= European Bioanalysis Forum =

Bioanalytical organization

The European Bioanalysis Forum (EBF) is an organisation comprising bioanalytical scientists working within the pharmaceutical industry R&D. Scope of the EBF is on bioanalysis of small and large molecules with bioanalysis being defined as:
- Quantification of drugs and metabolites in body fluids and tissues
- Quantification of PD and safety biomarkers amenable to conventional bioanalytical techniques
- Bioanalytical characterization of NBEs

Members discuss on regulatory issues and aspects (new guidelines, interpretation of existing guidelines) and present their joint opinion towards regulatory bodies and their peers. Further, they share common practices on procedures, science, Laboratory Information Management Systems (LIMS), validation, quality (GLP) and discuss new developments in industry.

==History==
The EBF was founded in the fall of 2006 at the initiative of twelve pharmaceutical companies, all of them having bioanalytical laboratory activities in Europe. The goal of bringing these companies together was to implement a platform for discussions of science and regulatory issues. Views and recommendations following from these discussions are either published in scientific journals, like for example on the controversial and much debated topic of incurred sample reproducibility or presented at international meetings. As of May 2010 the EBF consists of 28 member companies.

==Meetings==
The EBF intends to stimulate further harmonization of industry practices in bioanalysis, to bring a common understanding of the interpretation of regulatory issues and more clarity to the implementation of procedures in order to achieve best practices in the world of bioanalysis. The forum currently hosts two types of meetings:

===Closed meetings===
Twice a year the EBF brings together representatives all member companies to discuss subjects well prepared in advance. The topics range from procedural to regulatory often resulting in internal benchmarking or surveys. Next to these 'general' meetings, topic specific specialists meetings are also organized. All member companies assign one representative to these closed meetings.

===Open meetings===
The EBF organizes annual symposia to involve the bioanalytical community: pharmaceutical industry, academia, CRO, instrument providers and regulatory agencies. It is the intention of the organisation to inform their business partners and peers about the discussion held and agreements achieved and to open the forum for challenging procedures or techniques as well as for new regulatory requirements.

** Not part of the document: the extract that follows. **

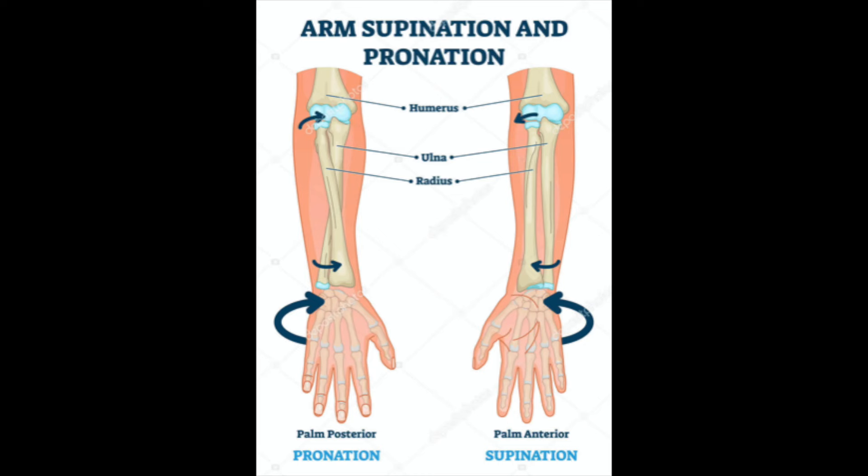Unfortunately, once torn off, the biceps tendon at the elbow will not grow back to the bone and heal. Other arm muscles will make it possible to bend the elbow fairly well even without the biceps tendon, but they can't fulfill the functions of the elbow, especially the motion of rotating the forearm from palm up to palm down — that's called supination. That kind of movement is really important for power gripping activities.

The EBF has also reached out to participate in international scientific meetings representing the bioanalytical voice of the European pharmaceutical industry. Selective examples are: American Association of Pharmaceutical Scientists meetings, The Boston Society Applied Pharmaceutical Analysis meetings, and Canadian Validation Group meeting.

==Organisation==

===Steering Committee===
The organization is led by a steering committee elected from its members. The steering committee represents the EBF in international forums and sets the agenda for the closed and open meetings.

===Interest groups===
An Interest Group Macromolecules (EBF-IGM) was founded in 2008 to provide a platform for scientific exchange and harmonization of specific aspects for the bioanalysis of macromolecules: drugs and biomarkers as well as immunogenicity testing.

===Sub groups===
In 2008 the EBF started a subgroup that focuses on issues related to LIMS.